Problem description
When you reach the line containing "Festival Hoa lan" in the entries below, start writing out each line exactly, and stop after the line containing "Bus que llevaba".

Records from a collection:
- Opening Delimiter -

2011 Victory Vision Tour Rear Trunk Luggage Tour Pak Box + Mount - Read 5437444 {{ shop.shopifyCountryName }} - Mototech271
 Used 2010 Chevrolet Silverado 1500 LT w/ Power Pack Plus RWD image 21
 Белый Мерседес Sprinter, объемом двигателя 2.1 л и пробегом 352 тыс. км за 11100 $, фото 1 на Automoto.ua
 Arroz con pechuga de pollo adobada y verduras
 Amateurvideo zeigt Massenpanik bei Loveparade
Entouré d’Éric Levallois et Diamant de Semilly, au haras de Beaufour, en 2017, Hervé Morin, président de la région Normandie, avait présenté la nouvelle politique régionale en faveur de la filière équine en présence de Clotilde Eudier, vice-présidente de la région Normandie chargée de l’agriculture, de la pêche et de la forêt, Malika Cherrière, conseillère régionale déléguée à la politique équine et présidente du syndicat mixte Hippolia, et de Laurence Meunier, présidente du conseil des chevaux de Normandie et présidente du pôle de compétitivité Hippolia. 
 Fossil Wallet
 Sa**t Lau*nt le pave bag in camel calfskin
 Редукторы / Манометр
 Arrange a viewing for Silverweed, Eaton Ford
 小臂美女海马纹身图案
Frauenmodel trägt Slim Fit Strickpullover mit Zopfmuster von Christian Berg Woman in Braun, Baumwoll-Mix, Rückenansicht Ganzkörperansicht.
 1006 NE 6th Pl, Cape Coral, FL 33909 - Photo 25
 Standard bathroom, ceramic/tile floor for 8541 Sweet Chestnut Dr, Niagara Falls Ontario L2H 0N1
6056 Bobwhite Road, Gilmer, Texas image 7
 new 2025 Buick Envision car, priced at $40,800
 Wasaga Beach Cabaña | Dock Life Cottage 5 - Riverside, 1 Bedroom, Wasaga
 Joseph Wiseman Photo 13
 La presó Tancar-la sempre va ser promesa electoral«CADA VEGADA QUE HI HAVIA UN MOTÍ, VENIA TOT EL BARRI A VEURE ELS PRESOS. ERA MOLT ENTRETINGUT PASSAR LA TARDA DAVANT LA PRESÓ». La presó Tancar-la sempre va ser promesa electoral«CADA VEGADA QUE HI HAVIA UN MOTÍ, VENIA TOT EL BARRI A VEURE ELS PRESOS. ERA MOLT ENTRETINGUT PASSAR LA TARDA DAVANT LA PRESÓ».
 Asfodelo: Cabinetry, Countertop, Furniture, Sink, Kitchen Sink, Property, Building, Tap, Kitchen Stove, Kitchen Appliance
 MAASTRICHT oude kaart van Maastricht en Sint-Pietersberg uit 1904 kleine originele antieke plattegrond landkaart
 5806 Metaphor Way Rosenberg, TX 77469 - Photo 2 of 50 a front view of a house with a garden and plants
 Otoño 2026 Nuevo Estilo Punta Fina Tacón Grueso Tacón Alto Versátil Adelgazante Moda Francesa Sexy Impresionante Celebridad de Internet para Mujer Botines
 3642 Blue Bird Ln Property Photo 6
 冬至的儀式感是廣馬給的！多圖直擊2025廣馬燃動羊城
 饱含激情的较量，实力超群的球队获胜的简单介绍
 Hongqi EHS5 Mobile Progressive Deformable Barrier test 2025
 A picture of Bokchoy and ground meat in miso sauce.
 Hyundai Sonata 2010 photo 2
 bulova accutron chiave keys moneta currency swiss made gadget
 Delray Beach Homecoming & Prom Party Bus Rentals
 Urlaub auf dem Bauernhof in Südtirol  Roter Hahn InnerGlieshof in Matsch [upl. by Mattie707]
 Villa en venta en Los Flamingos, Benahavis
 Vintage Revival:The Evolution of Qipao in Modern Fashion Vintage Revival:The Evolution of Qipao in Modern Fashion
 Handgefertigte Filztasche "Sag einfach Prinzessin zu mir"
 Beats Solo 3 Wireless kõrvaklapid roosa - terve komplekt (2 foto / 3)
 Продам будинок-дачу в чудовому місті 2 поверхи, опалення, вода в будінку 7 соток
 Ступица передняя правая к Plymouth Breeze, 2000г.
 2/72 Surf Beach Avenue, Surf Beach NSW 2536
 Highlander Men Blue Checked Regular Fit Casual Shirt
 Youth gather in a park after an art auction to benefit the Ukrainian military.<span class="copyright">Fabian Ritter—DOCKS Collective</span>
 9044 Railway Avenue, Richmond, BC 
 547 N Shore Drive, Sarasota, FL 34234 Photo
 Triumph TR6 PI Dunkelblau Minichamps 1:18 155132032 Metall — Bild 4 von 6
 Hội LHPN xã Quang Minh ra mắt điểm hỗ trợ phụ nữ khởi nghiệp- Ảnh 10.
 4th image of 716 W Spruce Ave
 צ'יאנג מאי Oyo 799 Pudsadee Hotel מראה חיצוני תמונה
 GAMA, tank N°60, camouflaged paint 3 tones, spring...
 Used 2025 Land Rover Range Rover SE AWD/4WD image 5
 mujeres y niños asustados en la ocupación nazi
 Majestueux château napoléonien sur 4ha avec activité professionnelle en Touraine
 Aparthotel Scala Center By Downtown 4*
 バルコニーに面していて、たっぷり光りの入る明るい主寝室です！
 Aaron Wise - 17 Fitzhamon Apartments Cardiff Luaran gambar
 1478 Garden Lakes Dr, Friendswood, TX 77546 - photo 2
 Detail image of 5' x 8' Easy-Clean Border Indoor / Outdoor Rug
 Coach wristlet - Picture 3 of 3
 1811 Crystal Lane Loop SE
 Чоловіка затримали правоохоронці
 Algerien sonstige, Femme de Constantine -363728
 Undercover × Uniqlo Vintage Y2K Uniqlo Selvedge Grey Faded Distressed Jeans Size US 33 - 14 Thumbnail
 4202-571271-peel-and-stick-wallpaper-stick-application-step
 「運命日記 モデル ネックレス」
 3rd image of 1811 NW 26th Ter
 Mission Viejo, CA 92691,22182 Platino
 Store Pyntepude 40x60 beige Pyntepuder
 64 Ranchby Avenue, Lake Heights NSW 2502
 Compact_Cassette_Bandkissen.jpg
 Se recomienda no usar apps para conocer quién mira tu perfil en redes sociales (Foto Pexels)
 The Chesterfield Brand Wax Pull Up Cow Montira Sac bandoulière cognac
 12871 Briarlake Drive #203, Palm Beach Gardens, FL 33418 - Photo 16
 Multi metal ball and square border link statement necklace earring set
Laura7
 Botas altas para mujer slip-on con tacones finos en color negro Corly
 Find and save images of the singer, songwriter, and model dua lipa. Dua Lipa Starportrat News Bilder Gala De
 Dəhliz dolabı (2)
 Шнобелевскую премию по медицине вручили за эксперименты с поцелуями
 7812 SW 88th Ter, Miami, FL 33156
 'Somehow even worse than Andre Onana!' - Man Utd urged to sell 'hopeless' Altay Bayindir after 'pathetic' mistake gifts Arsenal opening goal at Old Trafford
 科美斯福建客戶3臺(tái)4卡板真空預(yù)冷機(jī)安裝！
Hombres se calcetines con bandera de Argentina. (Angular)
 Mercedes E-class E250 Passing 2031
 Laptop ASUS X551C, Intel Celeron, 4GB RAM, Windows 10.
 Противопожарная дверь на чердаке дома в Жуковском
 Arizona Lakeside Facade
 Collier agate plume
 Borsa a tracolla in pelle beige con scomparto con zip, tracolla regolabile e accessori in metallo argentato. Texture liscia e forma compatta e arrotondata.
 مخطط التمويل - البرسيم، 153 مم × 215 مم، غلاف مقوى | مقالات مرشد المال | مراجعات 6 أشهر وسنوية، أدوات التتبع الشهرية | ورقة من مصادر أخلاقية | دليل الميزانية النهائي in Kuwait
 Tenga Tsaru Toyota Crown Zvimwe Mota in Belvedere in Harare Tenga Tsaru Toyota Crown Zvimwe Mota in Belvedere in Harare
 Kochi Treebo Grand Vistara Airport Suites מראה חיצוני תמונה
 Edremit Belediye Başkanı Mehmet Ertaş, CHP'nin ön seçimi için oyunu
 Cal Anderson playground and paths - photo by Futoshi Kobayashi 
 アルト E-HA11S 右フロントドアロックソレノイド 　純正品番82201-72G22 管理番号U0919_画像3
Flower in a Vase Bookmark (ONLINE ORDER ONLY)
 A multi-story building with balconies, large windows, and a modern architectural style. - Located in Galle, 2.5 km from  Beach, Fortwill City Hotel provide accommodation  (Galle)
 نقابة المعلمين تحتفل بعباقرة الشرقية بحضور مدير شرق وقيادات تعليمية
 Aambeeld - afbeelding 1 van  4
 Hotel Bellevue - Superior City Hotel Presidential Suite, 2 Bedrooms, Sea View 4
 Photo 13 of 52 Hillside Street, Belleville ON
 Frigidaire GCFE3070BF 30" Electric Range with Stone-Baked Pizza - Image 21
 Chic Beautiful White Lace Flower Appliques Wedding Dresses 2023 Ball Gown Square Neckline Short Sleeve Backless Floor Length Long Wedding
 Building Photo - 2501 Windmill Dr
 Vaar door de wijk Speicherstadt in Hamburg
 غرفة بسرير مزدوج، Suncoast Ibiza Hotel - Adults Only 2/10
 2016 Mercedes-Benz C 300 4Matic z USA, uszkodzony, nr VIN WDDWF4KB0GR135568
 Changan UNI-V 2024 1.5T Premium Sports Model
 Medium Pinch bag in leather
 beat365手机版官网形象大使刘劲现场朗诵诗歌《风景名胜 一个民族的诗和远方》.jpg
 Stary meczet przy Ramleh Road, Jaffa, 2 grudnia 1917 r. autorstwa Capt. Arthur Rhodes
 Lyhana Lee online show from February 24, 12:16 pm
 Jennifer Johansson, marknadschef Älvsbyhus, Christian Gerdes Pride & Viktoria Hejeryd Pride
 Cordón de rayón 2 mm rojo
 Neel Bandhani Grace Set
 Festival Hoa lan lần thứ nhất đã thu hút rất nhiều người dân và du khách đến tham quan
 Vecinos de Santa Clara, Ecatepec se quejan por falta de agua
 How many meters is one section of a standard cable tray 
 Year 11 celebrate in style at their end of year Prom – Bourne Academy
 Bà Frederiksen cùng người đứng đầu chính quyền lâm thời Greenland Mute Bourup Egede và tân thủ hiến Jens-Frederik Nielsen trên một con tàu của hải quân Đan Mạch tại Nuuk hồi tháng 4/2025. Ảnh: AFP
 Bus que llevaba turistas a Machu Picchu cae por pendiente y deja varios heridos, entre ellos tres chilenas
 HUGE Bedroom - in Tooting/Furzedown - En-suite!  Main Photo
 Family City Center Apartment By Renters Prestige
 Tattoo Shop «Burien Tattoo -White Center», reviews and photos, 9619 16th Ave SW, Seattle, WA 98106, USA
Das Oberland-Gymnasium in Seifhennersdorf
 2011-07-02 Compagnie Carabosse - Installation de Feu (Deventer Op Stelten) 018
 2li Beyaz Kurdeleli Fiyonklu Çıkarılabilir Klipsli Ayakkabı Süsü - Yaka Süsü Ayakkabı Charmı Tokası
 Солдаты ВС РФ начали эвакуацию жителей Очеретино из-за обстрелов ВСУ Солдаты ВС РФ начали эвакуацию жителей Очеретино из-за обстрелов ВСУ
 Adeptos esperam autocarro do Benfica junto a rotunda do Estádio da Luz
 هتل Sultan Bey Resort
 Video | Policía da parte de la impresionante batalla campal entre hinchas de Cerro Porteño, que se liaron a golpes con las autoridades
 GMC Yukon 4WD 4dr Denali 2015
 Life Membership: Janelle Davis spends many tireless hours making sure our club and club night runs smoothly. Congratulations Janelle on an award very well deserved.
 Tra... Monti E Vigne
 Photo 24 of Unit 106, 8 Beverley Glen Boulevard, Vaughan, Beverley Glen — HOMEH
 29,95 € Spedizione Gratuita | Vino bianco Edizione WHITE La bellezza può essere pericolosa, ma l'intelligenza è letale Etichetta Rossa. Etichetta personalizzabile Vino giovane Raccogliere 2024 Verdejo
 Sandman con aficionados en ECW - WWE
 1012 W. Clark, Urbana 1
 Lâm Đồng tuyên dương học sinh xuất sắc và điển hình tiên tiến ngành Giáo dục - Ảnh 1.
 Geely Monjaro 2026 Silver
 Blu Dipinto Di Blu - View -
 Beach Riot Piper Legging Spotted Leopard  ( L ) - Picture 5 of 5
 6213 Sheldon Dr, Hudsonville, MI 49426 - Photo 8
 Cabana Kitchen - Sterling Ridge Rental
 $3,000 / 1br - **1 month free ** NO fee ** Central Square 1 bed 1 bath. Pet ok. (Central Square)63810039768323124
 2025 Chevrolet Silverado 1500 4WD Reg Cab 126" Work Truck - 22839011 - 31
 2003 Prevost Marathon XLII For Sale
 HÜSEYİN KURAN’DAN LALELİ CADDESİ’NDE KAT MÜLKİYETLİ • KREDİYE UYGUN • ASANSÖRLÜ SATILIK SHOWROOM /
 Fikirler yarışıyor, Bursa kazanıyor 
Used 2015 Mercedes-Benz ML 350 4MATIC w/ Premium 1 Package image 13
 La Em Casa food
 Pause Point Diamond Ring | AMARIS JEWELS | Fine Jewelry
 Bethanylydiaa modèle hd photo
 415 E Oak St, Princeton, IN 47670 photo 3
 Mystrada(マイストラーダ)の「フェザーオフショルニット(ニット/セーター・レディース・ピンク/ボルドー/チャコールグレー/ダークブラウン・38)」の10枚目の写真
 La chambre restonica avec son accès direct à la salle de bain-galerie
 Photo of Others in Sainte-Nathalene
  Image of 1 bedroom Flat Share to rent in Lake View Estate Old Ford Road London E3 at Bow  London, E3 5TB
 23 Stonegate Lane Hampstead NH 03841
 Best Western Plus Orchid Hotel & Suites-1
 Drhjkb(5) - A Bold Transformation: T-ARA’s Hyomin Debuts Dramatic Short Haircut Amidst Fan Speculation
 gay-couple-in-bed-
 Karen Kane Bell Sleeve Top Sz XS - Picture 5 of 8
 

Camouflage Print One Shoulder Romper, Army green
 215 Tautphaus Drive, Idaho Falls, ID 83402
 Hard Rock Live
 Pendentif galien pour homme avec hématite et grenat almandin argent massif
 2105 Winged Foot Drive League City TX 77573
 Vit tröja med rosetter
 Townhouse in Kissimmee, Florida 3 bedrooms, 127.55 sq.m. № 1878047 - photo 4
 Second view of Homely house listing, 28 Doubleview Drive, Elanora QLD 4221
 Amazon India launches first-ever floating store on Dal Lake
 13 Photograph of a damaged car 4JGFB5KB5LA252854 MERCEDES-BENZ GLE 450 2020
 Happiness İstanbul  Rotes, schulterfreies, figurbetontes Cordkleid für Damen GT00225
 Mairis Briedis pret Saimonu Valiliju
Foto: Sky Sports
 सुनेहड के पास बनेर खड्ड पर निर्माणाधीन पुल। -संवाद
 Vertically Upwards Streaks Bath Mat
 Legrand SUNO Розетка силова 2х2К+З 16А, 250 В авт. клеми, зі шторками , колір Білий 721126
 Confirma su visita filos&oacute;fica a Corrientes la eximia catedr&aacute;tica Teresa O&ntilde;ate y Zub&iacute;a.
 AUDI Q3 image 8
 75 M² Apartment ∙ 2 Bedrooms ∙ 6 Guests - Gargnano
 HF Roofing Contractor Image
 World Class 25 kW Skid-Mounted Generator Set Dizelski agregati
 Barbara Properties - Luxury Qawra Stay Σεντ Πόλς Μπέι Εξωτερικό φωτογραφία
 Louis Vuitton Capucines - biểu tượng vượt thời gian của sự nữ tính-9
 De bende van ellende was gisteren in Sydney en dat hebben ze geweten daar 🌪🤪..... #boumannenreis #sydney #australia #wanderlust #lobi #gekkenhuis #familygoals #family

- Closing Delimiter -

Solution for this task
 Festival Hoa lan lần thứ nhất đã thu hút rất nhiều người dân và du khách đến tham quan
 Vecinos de Santa Clara, Ecatepec se quejan por falta de agua
 How many meters is one section of a standard cable tray 
 Year 11 celebrate in style at their end of year Prom – Bourne Academy
 Bà Frederiksen cùng người đứng đầu chính quyền lâm thời Greenland Mute Bourup Egede và tân thủ hiến Jens-Frederik Nielsen trên một con tàu của hải quân Đan Mạch tại Nuuk hồi tháng 4/2025. Ảnh: AFP
 Bus que llevaba turistas a Machu Picchu cae por pendiente y deja varios heridos, entre ellos tres chilenas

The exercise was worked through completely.